Thomas Alva Edison: “İşitme engelliydim. Okul hayatını 12 yaşında noktaladım. Çocukken bana ‘geri zekalı, beceriksiz’ dediler. Ama 2500’den fazla buluş yaptım.”

Aşık Veysel Şatıroğlu: “6 yaşında çiçek hastalığı nedeniyle göremez oldum. Babam oyalanayım diye bana bir saz aldı. Onunla nice türküler söyledim.”

Stevie Wonder: “Görme engelli olmama rağmen müzisyenlikle ilgili 22 defa Grammy ödülü kazandım.”

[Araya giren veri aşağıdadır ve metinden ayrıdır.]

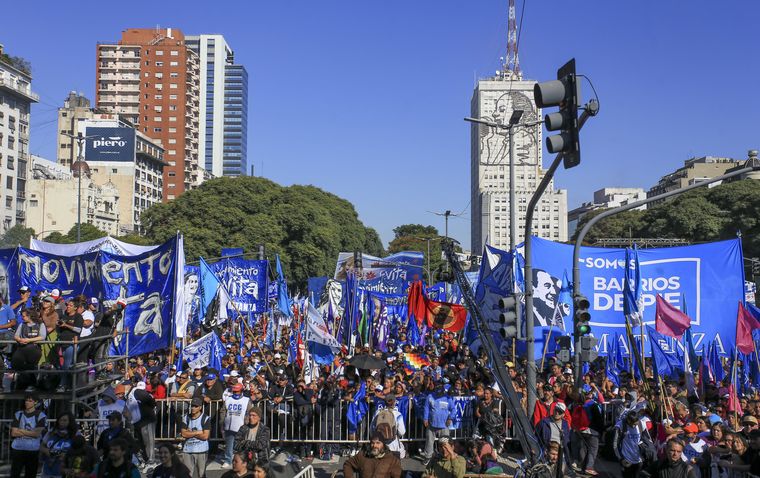 Las agrupaciones afines al oficialismo se manifestaron por el día del trabajador.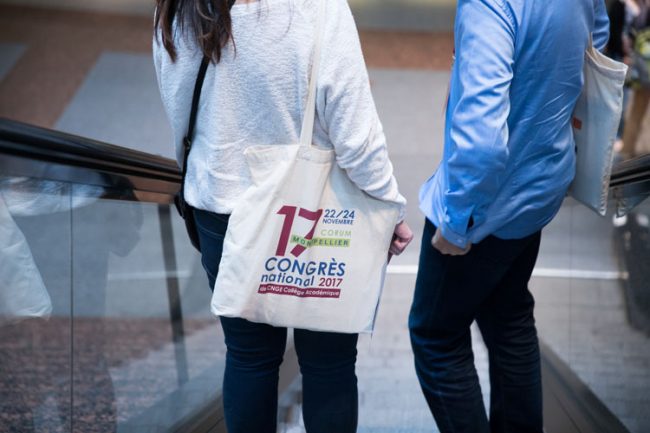 médecins descendant les marches du palais des congrès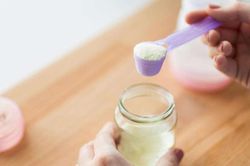 WHO cảnh báo tình trạng tiếp thị quá đà sữa công thức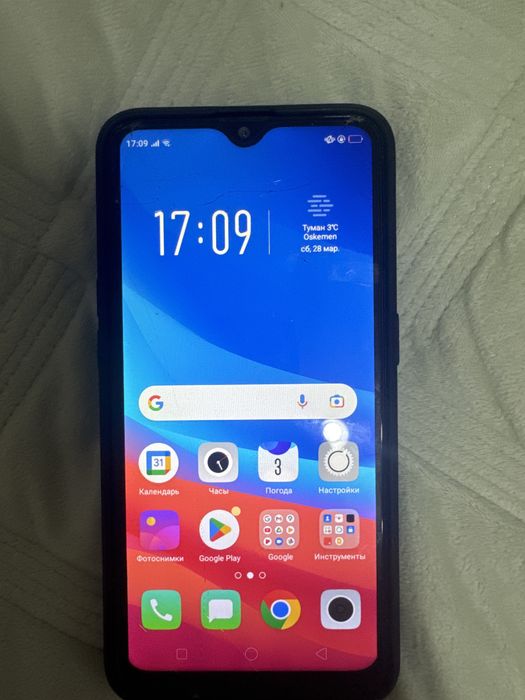 Oppo телефон в синем цветез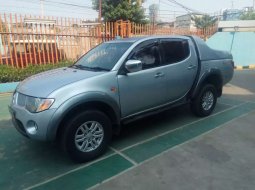 Mobil Mitsubishi L200 Strada 2007 GLS dijual, DKI Jakarta 10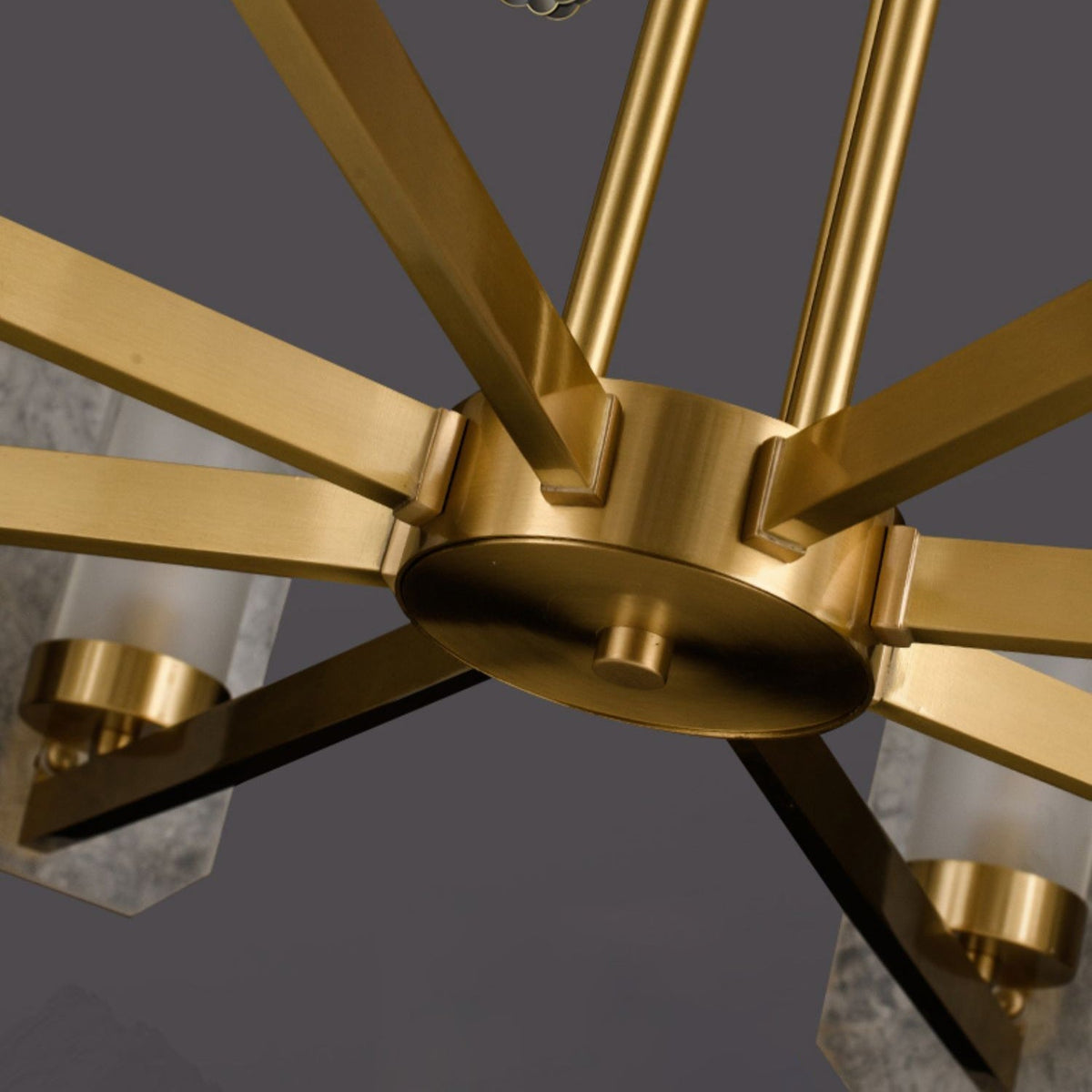 Nororian candelabru
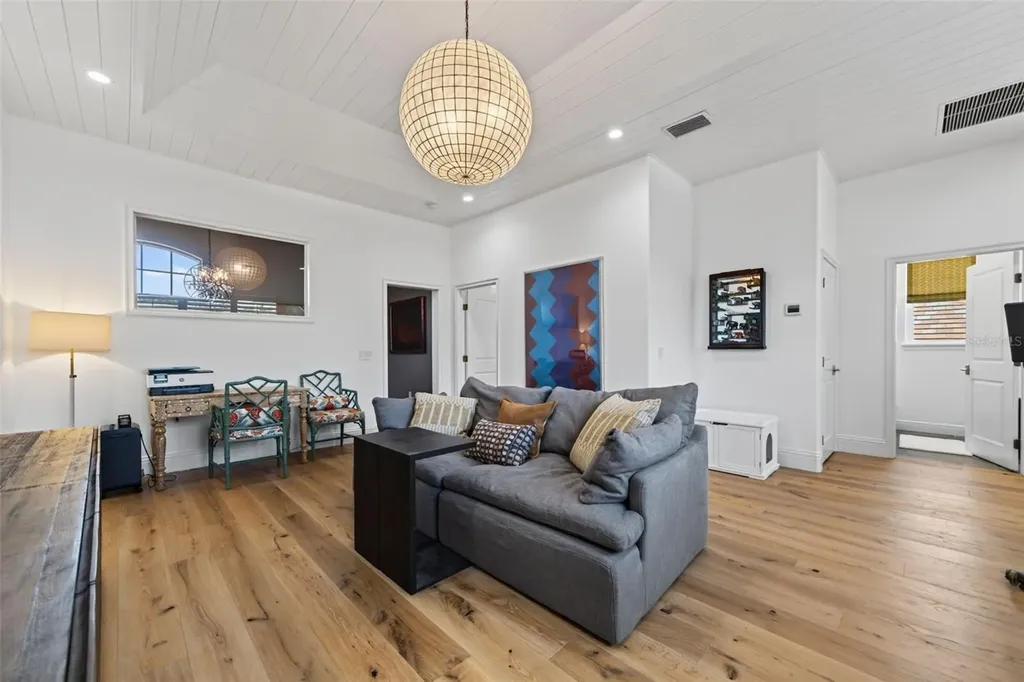 1915 Clematis Street Sarasota FL 34239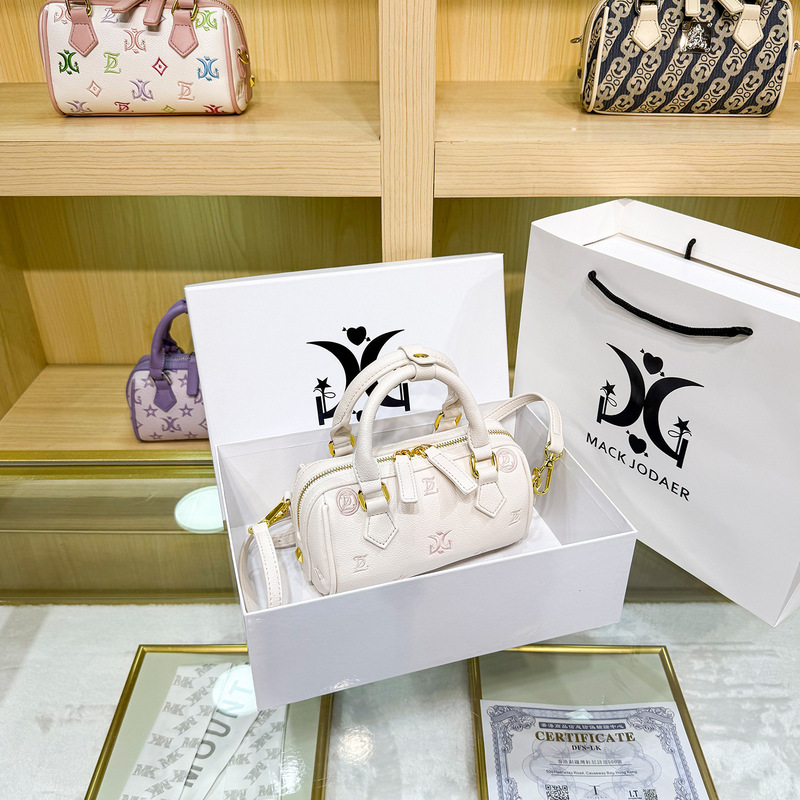 Dropshipping Light Luxury Sweet and Simple Embroidered Boston Handbag for Women New Style Shoulder Crossbody Bag Cross-Border Wholesale Dropshipping Light Luxury Sweet and Simple Embroidered Boston Handbag for Women New Style Shoulder Crossbody Bag Cross-Border Wholesale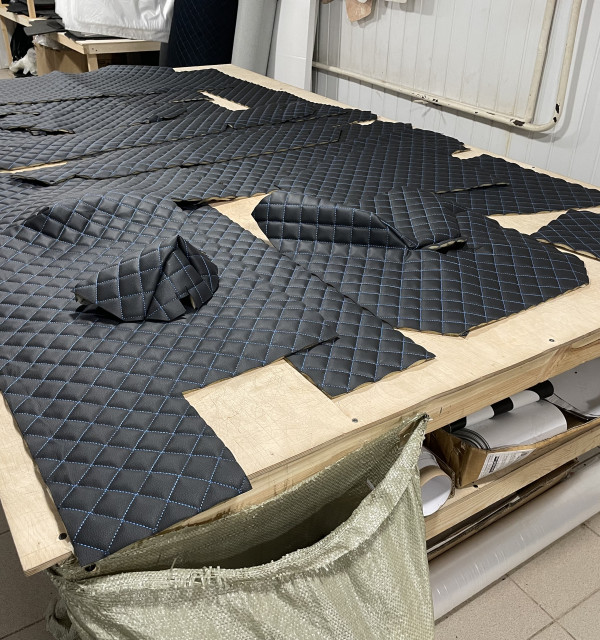 Обшивка в кабину МТЗ (УК) П-ЫЙ КОМПЛ.(синий, РОМБ) С/О купить в Минске и Беларуси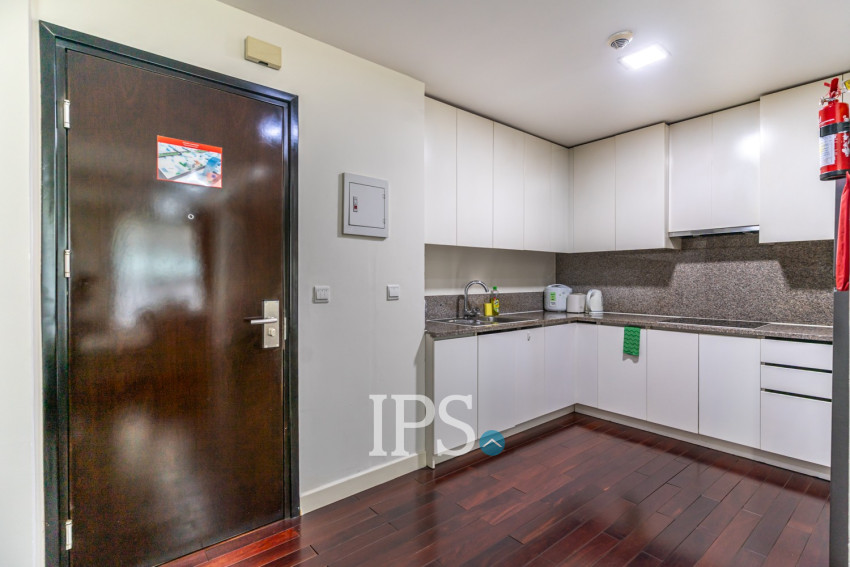 3 Bedroom Serviced Apartment For Rent - Wat Phnom, Phnom Penh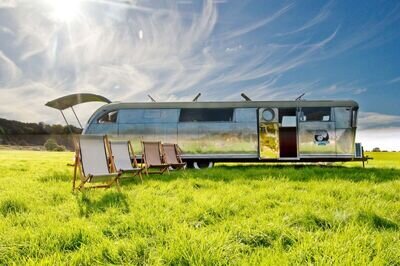 Airstream style 1950 vintage caravan Spartan Mansion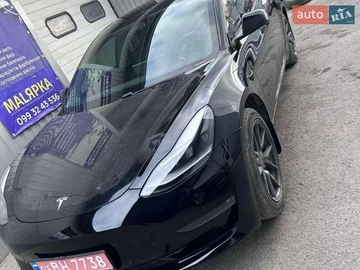 Авто Tesla Model 3 2021 № 8679082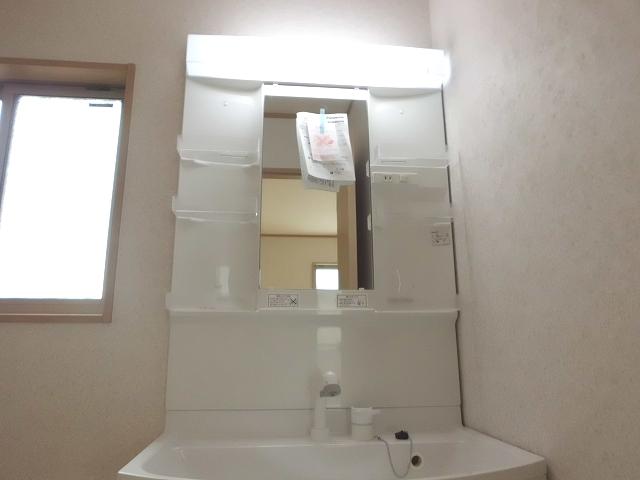Wash basin, toilet. Vanity convenient storage is also attached to both sides. Very active in the morning of the shampoo because it became a shower Dresser formula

Harland David Sanders: “6 yaşında babamı kaybettim. 16 yaşımda okul bıraktım. 17 yaşımda 4 işten çıkarılmıştım. Hukuk fakültesine başvurdum. Red edildim. Trenlerde, sigorta işinde, aşçı ve bulaşıkçı olarak çalıştım. Albaylıktan emekli oldum. İlk maaşım olan 105 dolar ile kızarmış tavuk işine girdim. 70 yaşından sonra KFC’yi kurdum. Bugün, dünyanın en büyük 10 yemek firmasından biri oldu.”

Abraham Lincoln: “Başıma gelmeyen bela kalmadı. Ama asla pes etmedim. ABD Başkanı oldum.”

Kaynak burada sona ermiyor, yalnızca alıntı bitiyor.